U.D.O.‘s latest studio offering, Steelhamer, was a really good record. Though it had weak points, it was overall one of Udo Dirkschnieder‘s finest post-Accept releases. So it’s really only natural that he and his band would choose now to release another live document. While I was kind of anticipating that this album (recorded in Moscow during the Steelhammer tour) would be a bit superfluous due to the abundance of live releases from this band, I was instead met with probably their best live album to date.
The first reason for the high quality is the overall lack of Accept material. I am a HUGE Accept fan, but I’ve always thought that U.D.O. had a habit of overusing material from his former band. U.D.O. has a lot of great material that deserves to be played just as much as “Fast as a Shark” or “Balls to the Wall”, and while U.D.O. should by no means ignore the old Accept stuff, some of their previous live releases would dedicate over a third of their total run-times to Accept. This time out only “Metal Heart”, the closing track, represents the man’s past. It’s an incredibly welcomed change.
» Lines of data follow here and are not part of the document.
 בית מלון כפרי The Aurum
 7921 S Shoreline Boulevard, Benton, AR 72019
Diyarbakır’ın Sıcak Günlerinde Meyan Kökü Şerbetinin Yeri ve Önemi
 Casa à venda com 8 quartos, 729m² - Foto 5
More importantly, this is one of the best sounding live albums in the U.D.O. catalog. It’s crisp, clear, full bodied and well rounded, with Udo pushed right out front where he should be, showing the world just how little his vicious vocal bite has dampened since the mid-eighties. This is most evident on galloping walloper “Go Back to Hell” from Animal House and “Future Land” from Faceless World, as well as fave-rave “Holy” from the ’99 album of the same name.
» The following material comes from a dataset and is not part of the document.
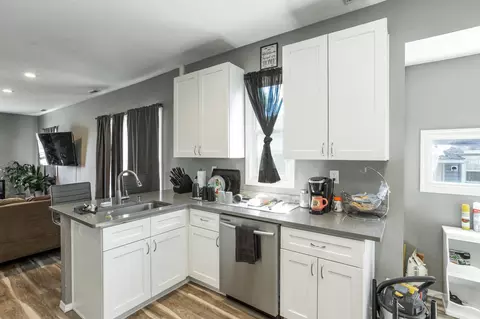 19 E Gordon Ave, Spokane, WA 99207 photo 8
The Steelhammer tour was the first run for U.D.O.‘s new line-up, with longtime side-men Stefan Kaufmann and Igor Gianola having both recently left the band. Their replacements, Andrey Smirnov and Kasperi Heikkinen, do exactly what’s required for membership in this famed Teutonic war-machine, supplying soul and groove with their playing, putting their own spin on solos, refusing to be restricted by their predecessors’ works.
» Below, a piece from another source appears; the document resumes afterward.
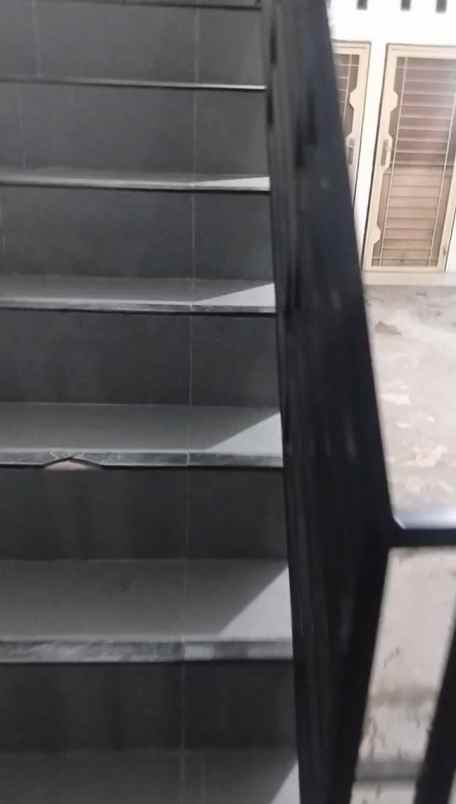 dijual rumah jl paus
A live album like this is incredibly refreshing in an age when good quality live documents seems to have become a lost art. Live albums have, when done right, become some of the most legendary records in the genre (See: Unleashed in the East, Live After Death, Tokyo Tapes, etc.) If Live from Moscow had been released in the mid-eighties, I have no doubt it would have been hailed as a classic too.